It is the commentary and annotations that make writing catalog entries any fun whatsoever. To simply copy somebody else's work is the product of someone who doesn't really enjoy what they are doing, just trying to make a buck or two. I consider it a challenge to condense information obtained from several others into newly phrased and less than purple prose that informs and illuminates and entertains at the same time. If my name is on the catalog, then I better feel good about what I have written. If others don't have as high a standard, well, too sad for them. They are missing out on the fun. All that said and done, the theft of ideas are a different matter entirely. In his latest book, Nicholas Basbanes quotes a book dealer at length regarding a concept (which will remain unmentioned because the particulars are unimportant).
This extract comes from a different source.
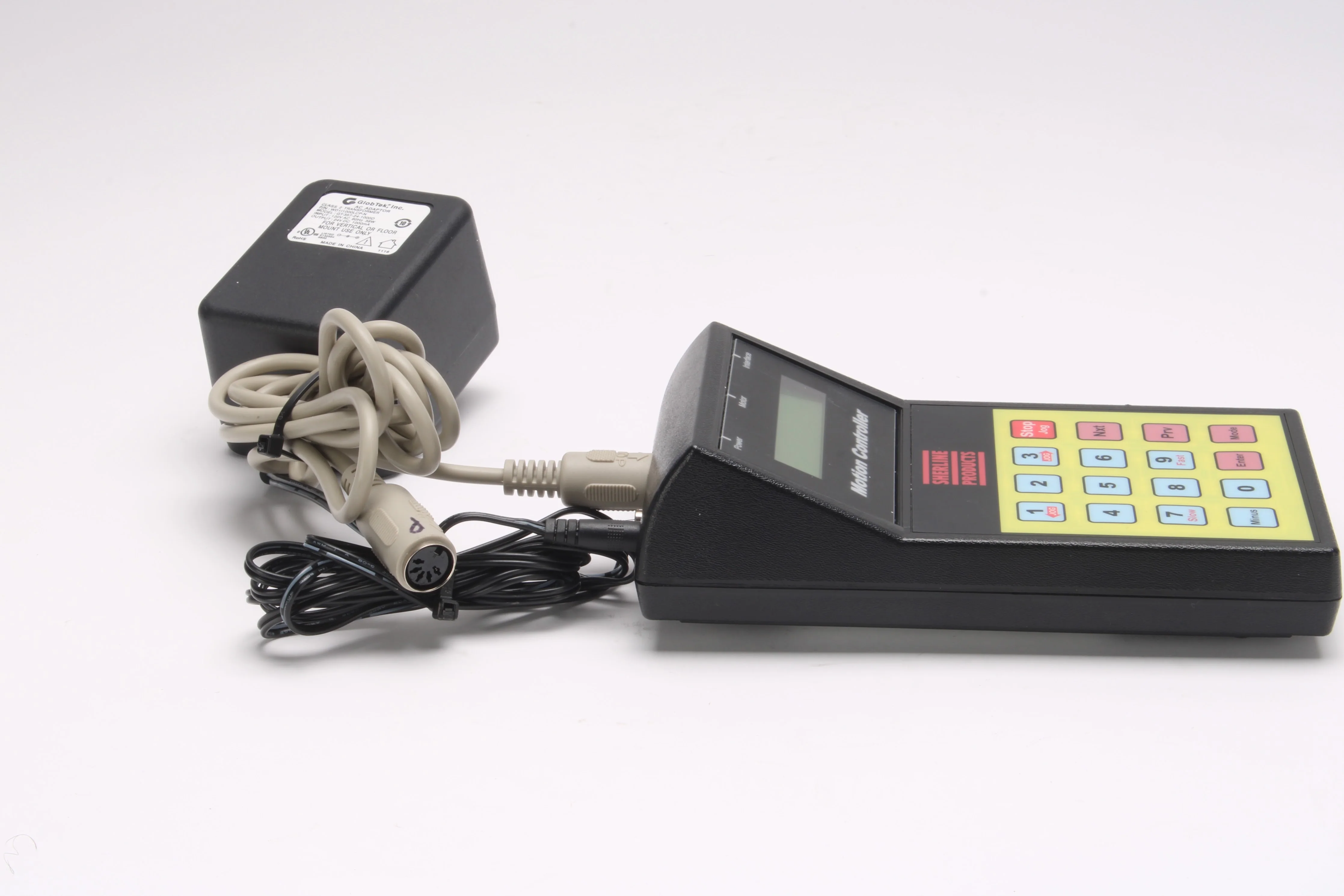 Sherline Products CNC Rotary Motion Controller With Power Supply and Cable - Image 2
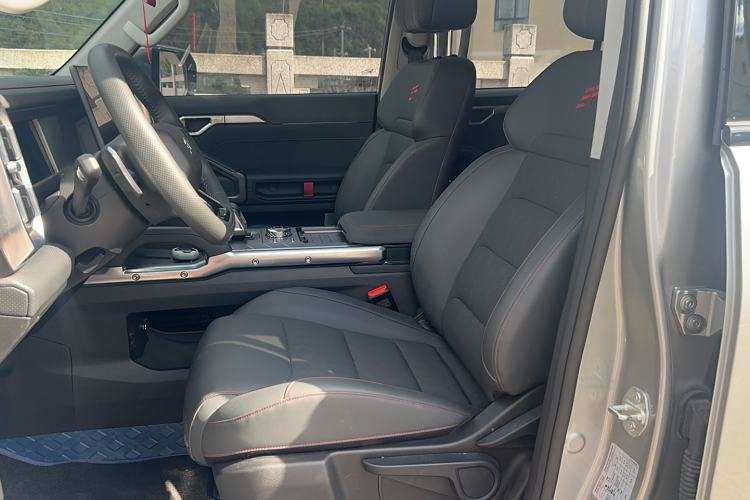 Used JETOUR Traveler 2023 1.5T Two-Wheel Drive Discovery PRO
The lengthy quote is one that I made directly to the credited dealer, and was entirely of my own conception. When I read the passage I stood up and snorted, stomped around the room for several seconds, and then sat back down and had one of the best laughs I've had for quite a while. If someone takes your ideas for their own, what greater compliment can you receive? You've come up with something that someone else actually agreed with. Remember, charity and good humor will always triumph.
Yours in correctness,
Baltimore Book Auctions
Editor's Note: AE licenses Howes Usiana from the Newberry Library.
faroid April 01, 2003
I was at the Boston Antiquarian show where I received your card with the two week offer, I have one of the best Golf Libraries in the world, and was a bit disappointed to see not to many offerings on golf books, especially where you are from San Francisco where Pacific Book Auctions are and I know that they have had around five or six Golf Sales since 1996 and this would be enough to get me really enthused also with along over 300 of my golf collector society members and also my British golf collector friends......also if you could have the database for the major golf auctions every year, Sotheby's, Christies, Bonham's, Phillips, that really have many golf books in them this would be one Killer database......you should really look into it.....you would get many members.....Jim Espinola
kfermoyle April 01, 2003
Bruce McKinney's article advocates plagiarism, pure & simple - something
generallly considered by only reprehensible but illegal!
As a professional writer, editor & journalist for more than 50 years, my writing is a marketable product and is protected by copyright. It can only
be used by others with my permission, which usually involves a payment for
such usage. A professional bookseller who spends time researching &
writing a book description is entitled to the same protection. Henceforth,
any book descriptions I write will carry a specific copyright notice.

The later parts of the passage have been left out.